Srinagar has hotel rooms to suit most budgets. Ahdoos ( 0194-2472593) is wonderfully situated on Residency Road, close to absolutely everything. The hotel has great character, from its creaking floorboards to its attentive staff, who will put a hot water bottle in your bed every night. Ahdoos also runs a fine restaurant, with a nice line in Wazwan dishes. But if you go when the weather is good (and why wouldn't you), you have to stay in a houseboat. Srinagar's houseboats, there are more than a thousand of them, are moored at the Dal and Nagin Lakes and the Jhelum river. Rooms range from fantastically luxurious to basic. Like hotels, houseboats are rated from category A to category D. It's best to visit a number of houseboats and negotiate a price directly with the owner. See

What To See & Do

  • Ruins in Srinagar span millennia. There are the megaliths in Burzahom, about 16km from Srinagar, the Buddhist ruins in Parihaspora, on the road to Gulmarg, and in Harwan, also on the outskirts of the city. Parihaspora was King Lalitaditya's capital, and there was talk last year of moving the present government to the area. Excavations from Burzahom and Harwan can be seen at the Shri Pratap Singh Museum near Raj Bagh.

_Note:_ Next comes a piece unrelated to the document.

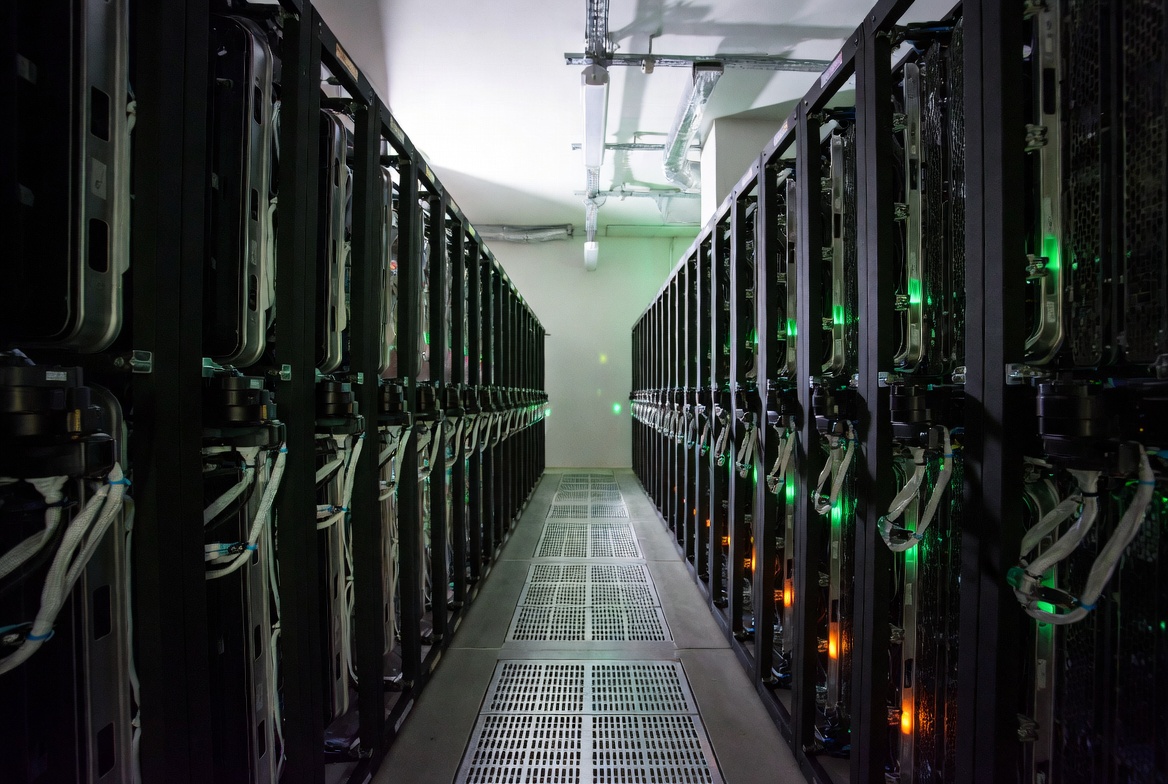 Uso intensivo de energía en proyectos de IA entra en debate tras propuesta tarifaria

  • The Shankaracharya temple, atop the Takht-i-Sulaiman hills, with its views of the entire city, is dated at 220 BC. Historian R.C. Kak, more plausibly, dates it to the sixth century AD, about a century or so earlier than the Sun Temple in Martand. There are temples too in the Hari Parbat fort and in the Cantonment in the ancient village of Pandrethan, site of the early capital. But these are difficult to visit unless you get permission from the security forces. There are small, old temples near Haba Kadal and in Bar Bar Shah too that are worth brief visits.

  • Ziarats built in the Kashmiri style are unique, with their sloping roofs, elaborately carved cornices, eaves and steeples. Shah Hamdan's shrine, built in the late 14th century is perhaps the oldest example, the Jama Masjid, rebuilt under Aurangzeb, is the largest and the Naqshband shrine is arguably the most beautiful. Other significant examples of this style include the Dastgir Sahab mosque. The Pathar Masjid, with its stone arches, is an abandoned, but still surviving Mughal mosque. The only other one is Dara Shikoh's mosque near Hari Parbat. Zain-ul-Abidin's tomb, apparently actually built for his mother, in Zaina Kadal is also a distinctive monument, with its five domes and the tiny blue bricks that stud the exterior walls.

  • Mughal gardens, such as Shalimar, Nishat and Chashma-e-Shahi, are major tourist draws.

  • To see examples of Kashmiri architecture -- details such as dubs, pinjara-kari and khatambandh -- go to old houses such as Iftikhar Jalali's in Zadi-Bal, or Darial in Nowhatta. The walk from Maharaj Gunj to Ali Kadal is rich in architectural significance. Cluttering the narrow streets are dilapidated buildings made of small Kashmiri-style brick.

  • Srinagar is best enjoyed by shikara on the Jhelum.

  • Visit Iftikhar Jalali's beautifully preserved house in Zadi-Bal. Here you can see evidence of pinjara-kari work and on an upper floor a fine example of the craft of khatamband. See old Kashmiri carpets and faded, delicate paintings of flowers plastered on the walls.

Getting There

The Srinagar Airport is well-connected to major cities across the country. Upon arrival at the airport, visitors can easily hire taxis to reach various cities and towns within Kashmir.